# Information shown
********************

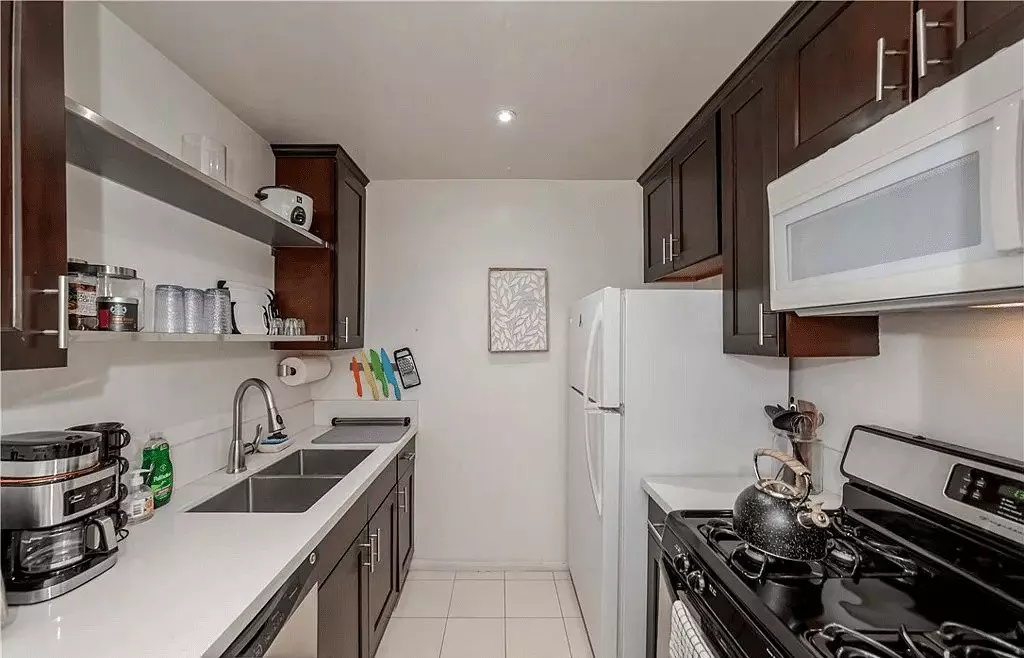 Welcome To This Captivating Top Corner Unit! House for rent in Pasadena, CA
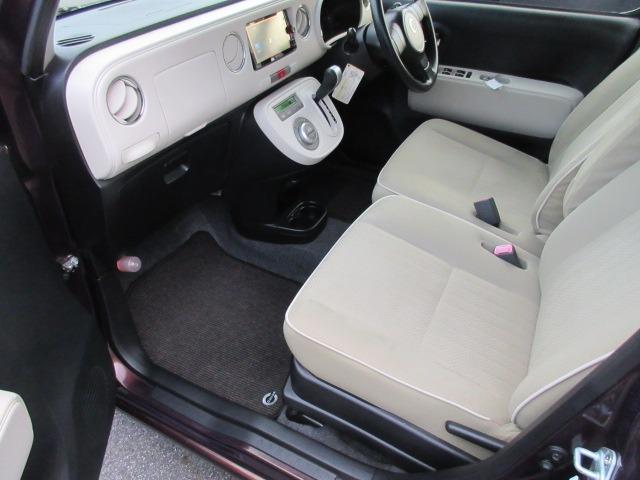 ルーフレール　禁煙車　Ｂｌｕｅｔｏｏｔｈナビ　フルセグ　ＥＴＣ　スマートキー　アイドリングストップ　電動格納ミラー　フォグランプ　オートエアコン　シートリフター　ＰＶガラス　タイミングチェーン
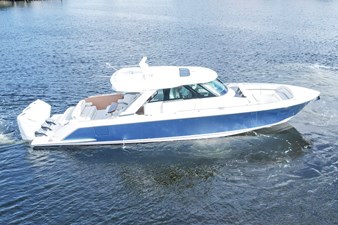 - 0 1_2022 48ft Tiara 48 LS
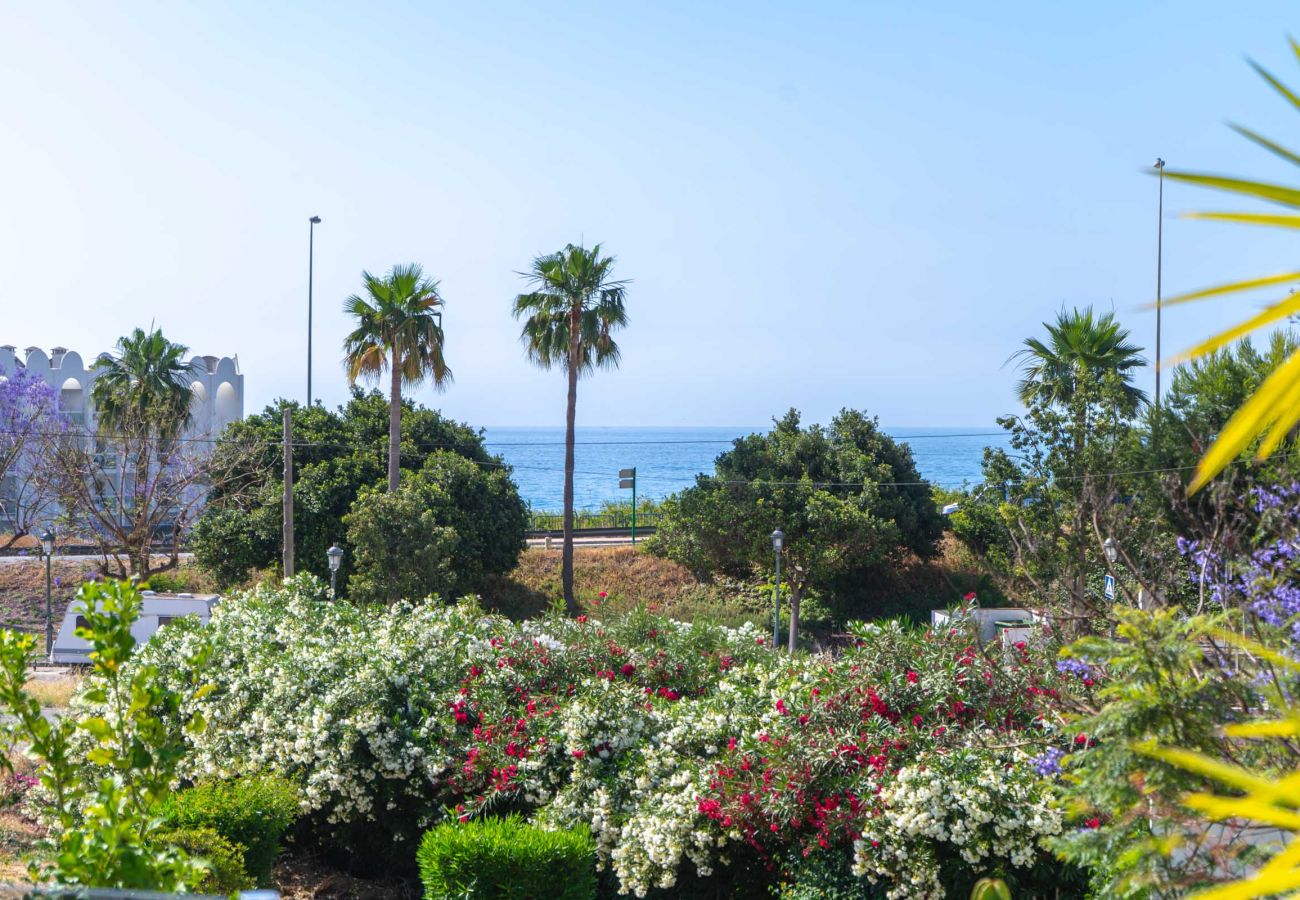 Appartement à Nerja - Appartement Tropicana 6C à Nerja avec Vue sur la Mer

********************

# What the task asks
Write the full listing out again with every line unchanged, but include no pictures.

# Written reply
 Welcome To This Captivating Top Corner Unit! House for rent in Pasadena, CA
 ルーフレール　禁煙車　Ｂｌｕｅｔｏｏｔｈナビ　フルセグ　ＥＴＣ　スマートキー　アイドリングストップ　電動格納ミラー　フォグランプ　オートエアコン　シートリフター　ＰＶガラス　タイミングチェーン
 - 0 1_2022 48ft Tiara 48 LS
 Appartement à Nerja - Appartement Tropicana 6C à Nerja avec Vue sur la Mer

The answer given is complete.